Every year, just before the fireworks of Indonesia’s Independence Day on August 17, the President steps up for what’s meant to be a serious national ritual: the annual state address.

It’s when the country gets a peek at the government’s draft budget for the coming year –formally known as the APBN – and hears all the promises attached to it.

This year, President Prabowo Subianto took the podium with the 2026 APBN draft in hand, dropping some serious numbers: IDR 335 trillion (USD 21 billion) for free nutritious meals, IDR 332.25 trillion (USD 21.9 billion) for defence, and a whopping IDR 757.8 trillion (USD 49.5 billion) for education.

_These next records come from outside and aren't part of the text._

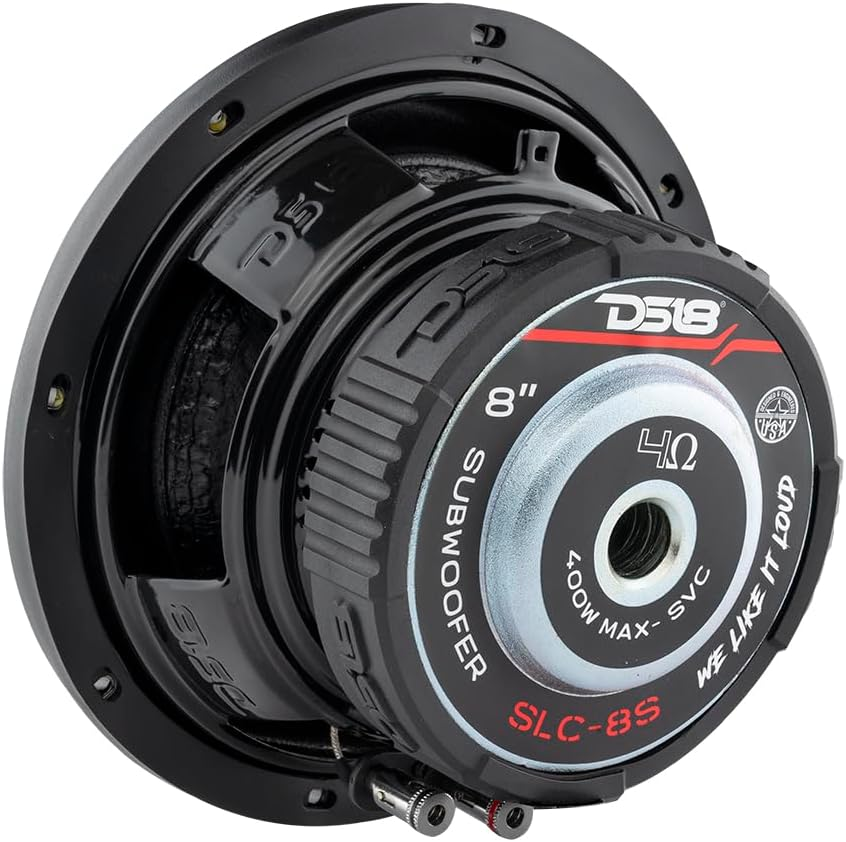 DS18 SLC-8S Subwoofer in Black - 8-Inch Speaker, 400W Max Power, 200W RMS Power, Aluminum 4 Layer Voice Coil, Black Steel Frame, SVC, 4 Ohm Impedance, Ferrite Magnet (1 Speaker) (SLC8S) image number 3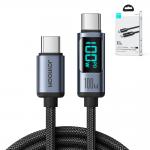 Cablu pentru incarcare si transfer de date Joyroom S-CC100A16, USB-C la USB-C, PD 100W, 480Mbps, cu afisaj LED, 1.2m, Negru 5 - lerato.ro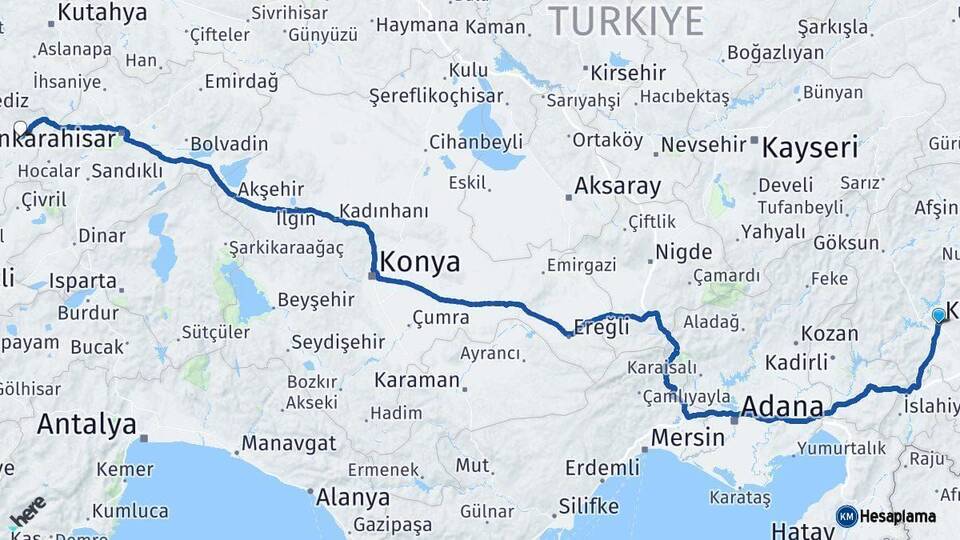 Kahramanmaraş Banaz Uşak Arası Kaç Km - Yol Haritası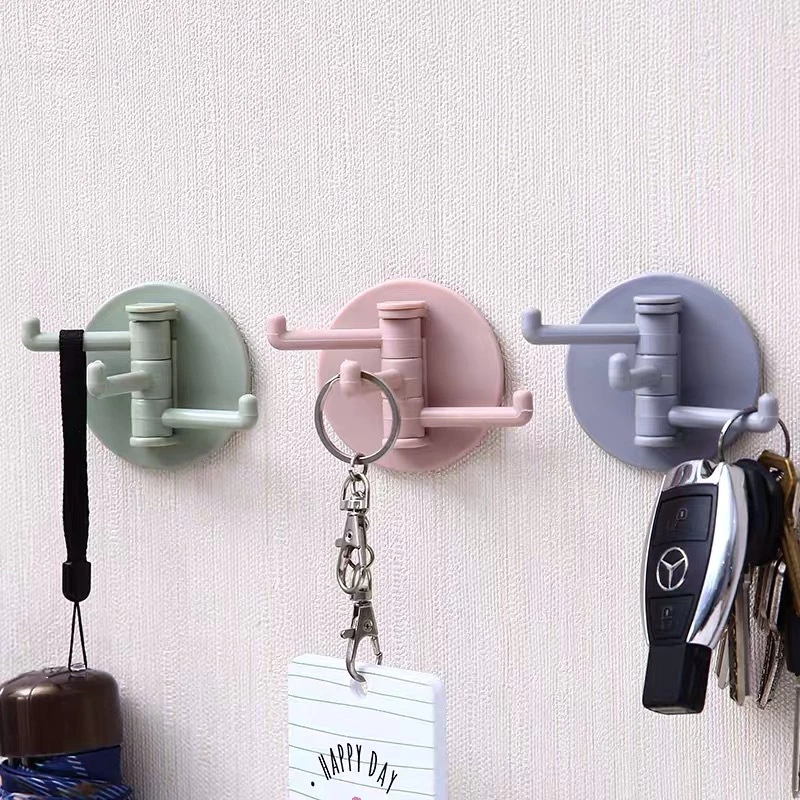Móc Nhựa Dán Tường 3 Nhánh Kèm Miếng Dính Tường ,Móc 3 Nhánh Xoay 180 độ -BA278
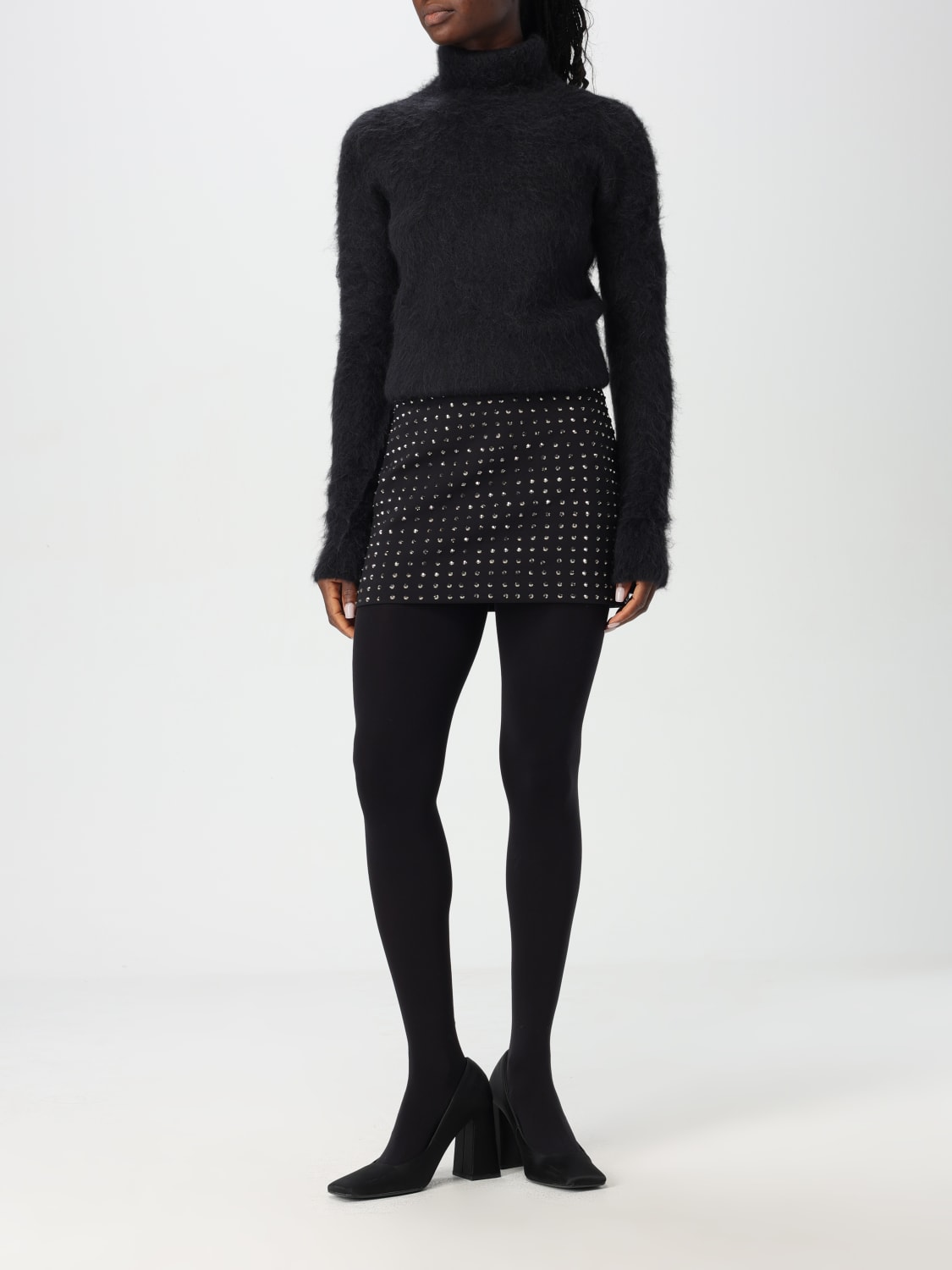 SPORTMAX GONNA: Gonna mini Sportmax in tessuto con strass , Nero - Img 2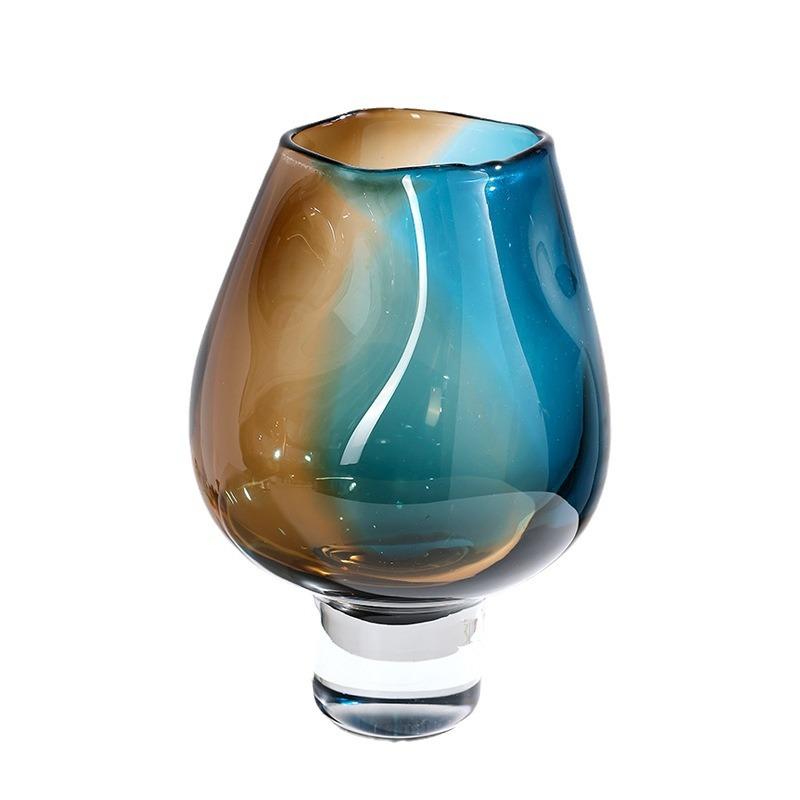 Glass Vase Colored Gradient Transparent Glass Bottle Flower Vase Tall Terrarium Flower Arrangement Home Decoration Accessories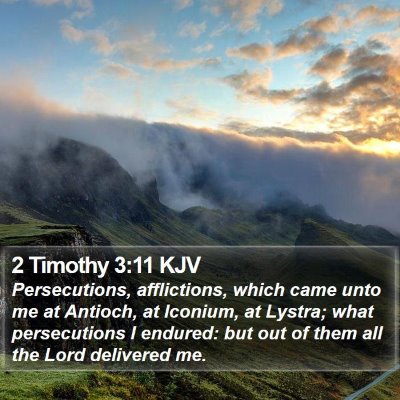 2 Timothy 3:11 KJV Bible Verse Image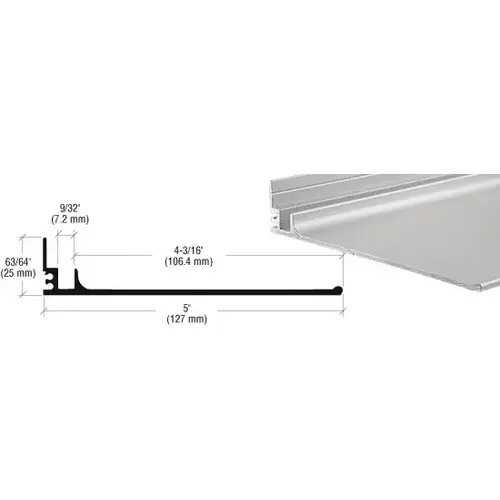 Satin Anodized 16" Optional Shelf for Stock Size Mirror Frame Satin Anodized 16" Optional Shelf for Stock Size Mirror Frame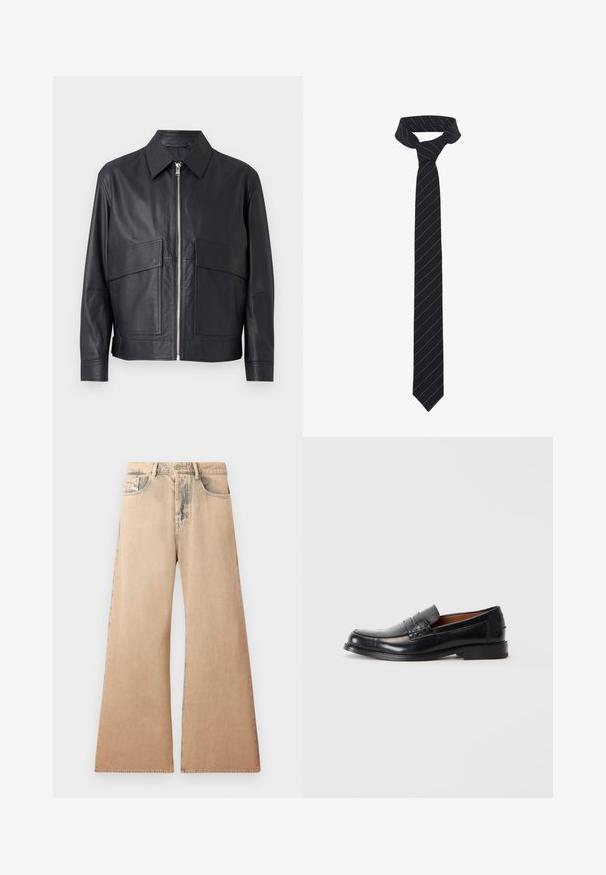 Black leather jacket with a collared neck, front zipper closure, and two large chest pockets. Smooth texture with tailored fit.; White long-sleeve shirt made of textured fabric, featuring a classic collar, button front, and straight hemline, with a relaxed fit.; Beige wide-leg jeans with faded texture, five-pocket design, and stitched detailing along seams. Waist has a traditional button closure.; Black leather loafer with a rounded toe, raised stitching detail on the vamp, and a low stacked heel. Smooth texture and formal design.; Black tie with diagonal blue stripes, made from a smooth fabric. Features a tapered end and a knotted loop at the top.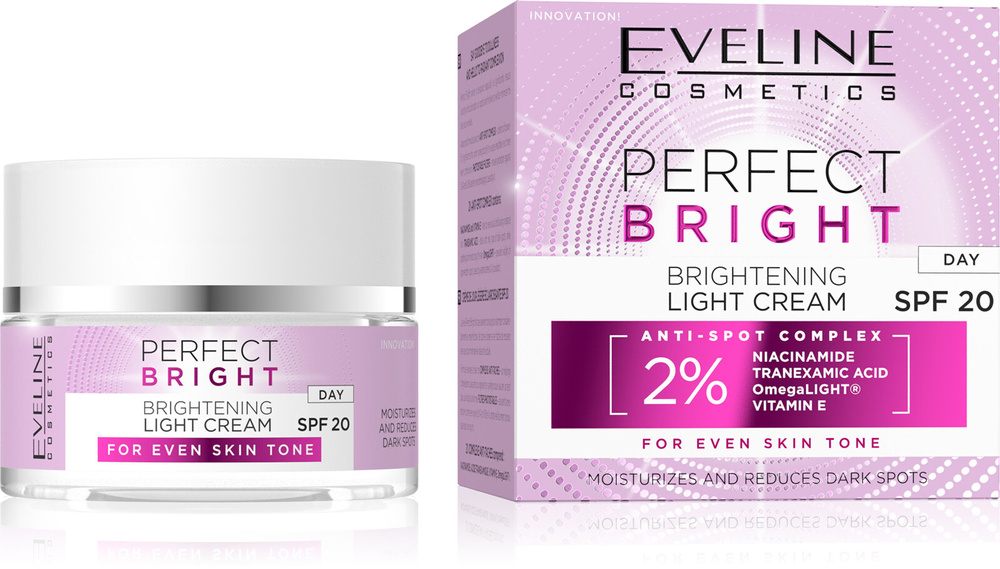 Eveline Perfect Bright Rozjaśniający Lekki Krem na Dzień SPF20 50ml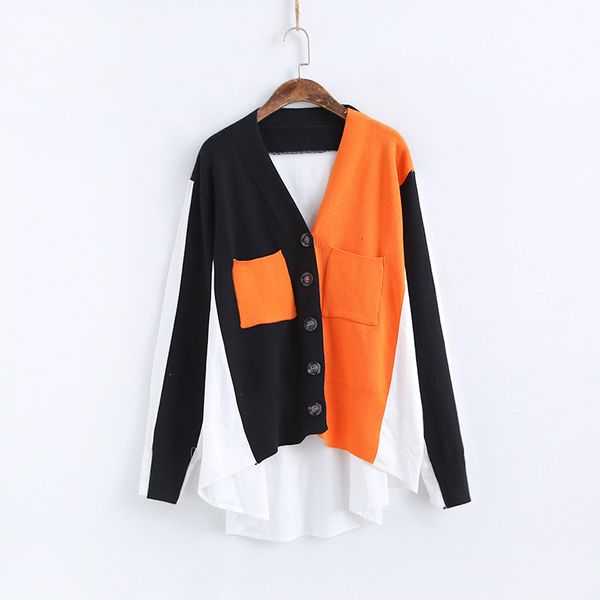 

ewq] 2019 autumn winter v-collar long sleeve hit colors knitting single breasted casual knitting shirt women ah823, White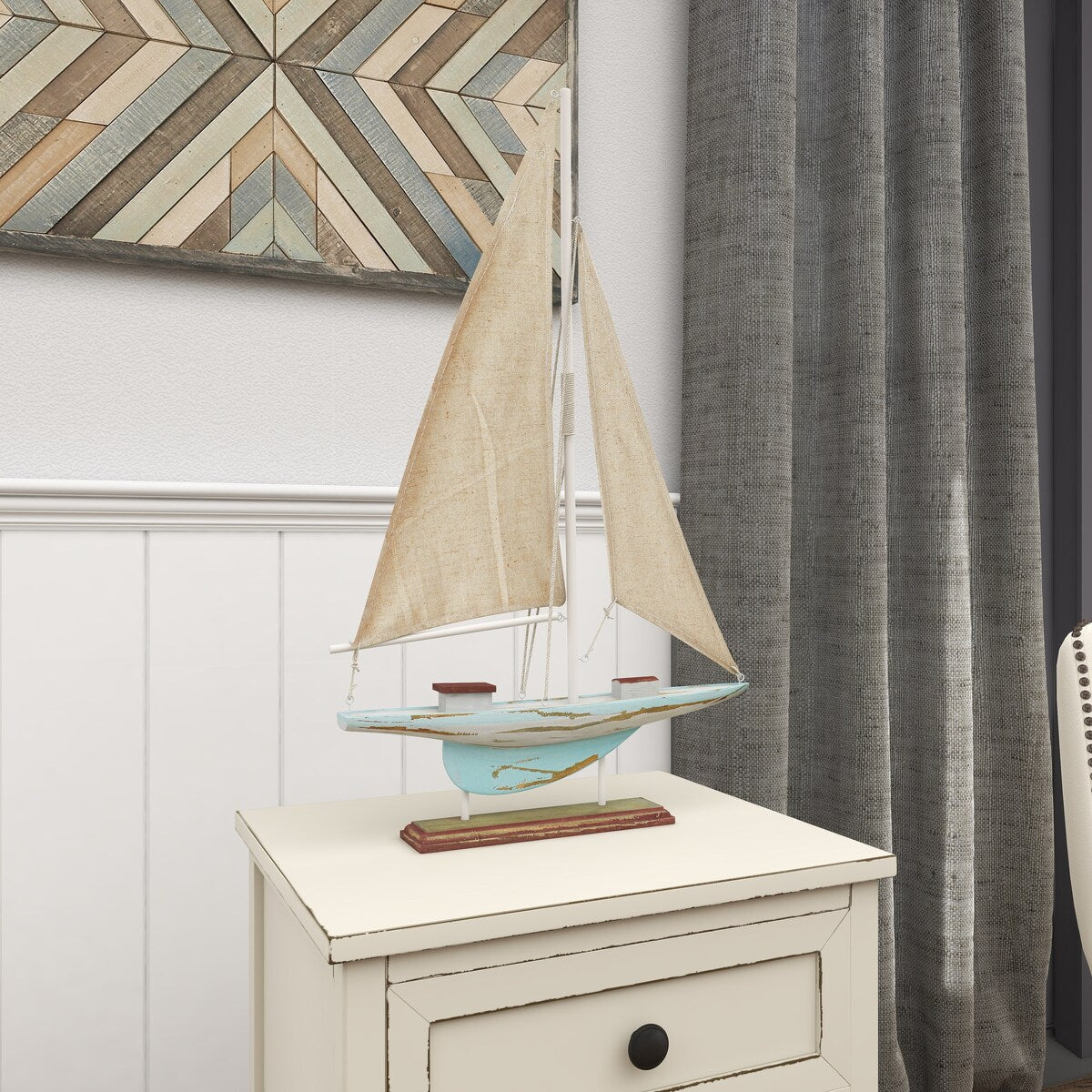 Wood Sail Boat Distressed Decorative Sculpture with Cream Linen Sails and Brown Accents - Blue - Roche River Decor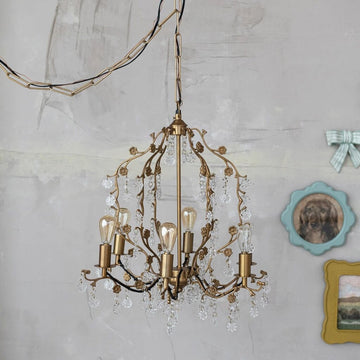 Gorgeous Metal Flower & Glass Crystal Chandelier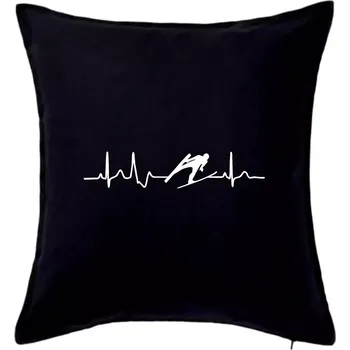 Polštář EKG skoky na lyžích - Polštář 50x50 - 50x50 - Pouze potah ( Černá )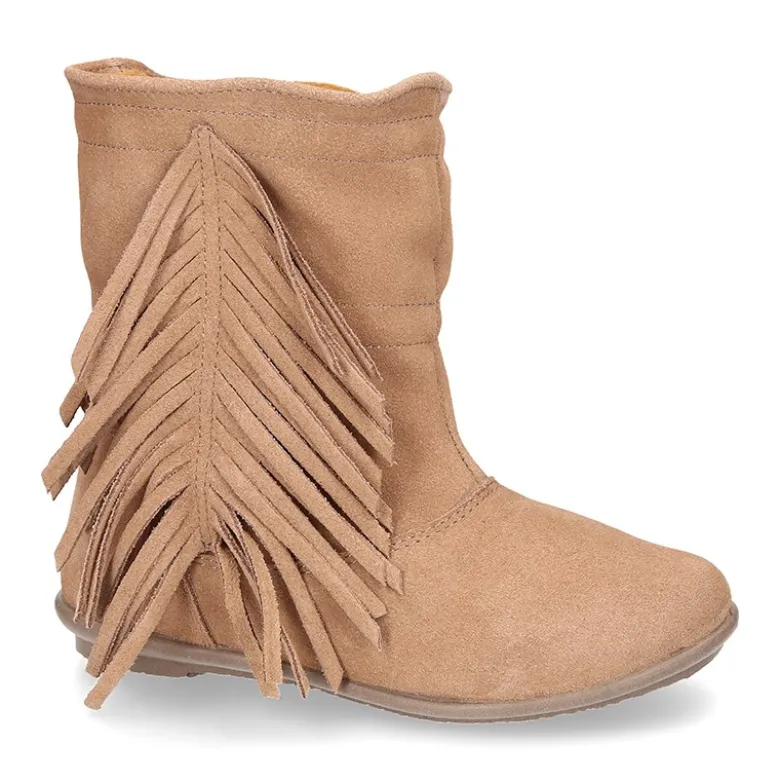 Bota con FLECOS laterales en piel serraje.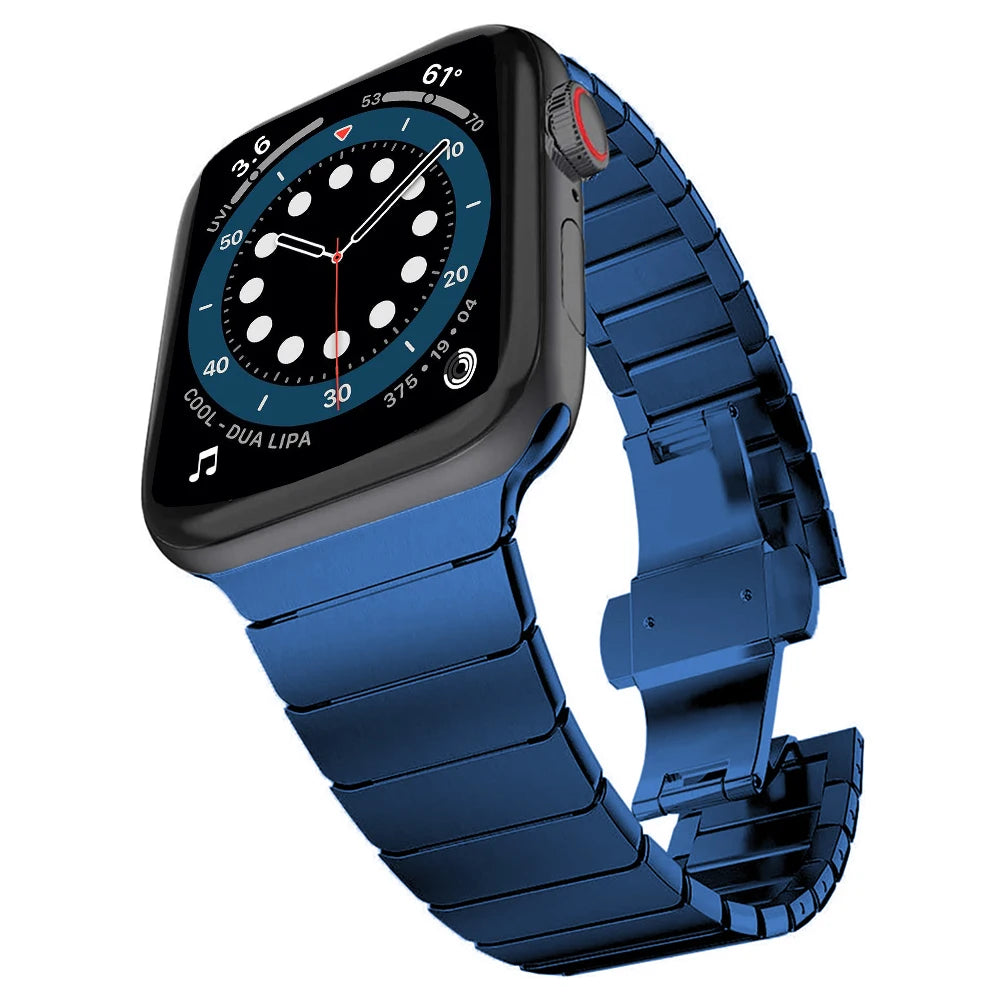 correa acero sin hueco azul apple watch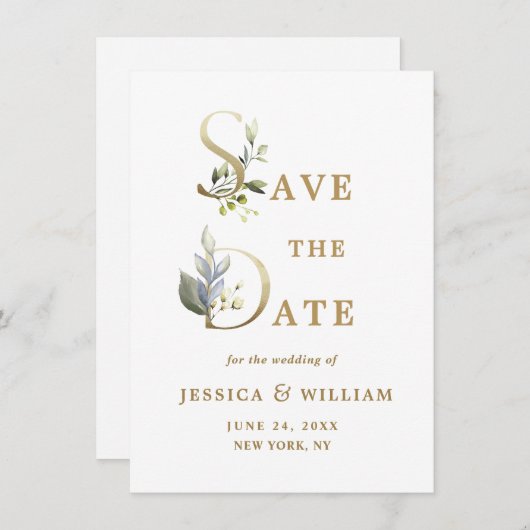 Eenvoudig Elegant Eucalyptus Wedding sparen de Dat Save The Date (Voorkant / Achterkant)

On paper, it reads like a bold investment in human capital, national strength, and generational progress.

But as always, the budget’s real test lies in its implementation.

While President Prabowo spoke of job creation and feeding the nation’s youth, many Indonesians weighed those promises against the realities they see every day.

And some felt strongly that he was spinning a fairytale of empty promises.

The total state budget for 2026 – at nearly IDR 3,786.5 trillion (about USD 250 billion) – marks a substantial increase from the IDR 3,621.3 trillion for 2025 (USD 241.4 billion). And it’s sparked conversations around whether size equates to impact.

The free meal programme, in particular, was announced with much fanfare. One of the centrepieces of Prabowo’s presidential campaign, it’s a policy with heart – one that speaks to the government’s desire to tackle child malnutrition and educational inequality.

But its early rollout saw growing pains. 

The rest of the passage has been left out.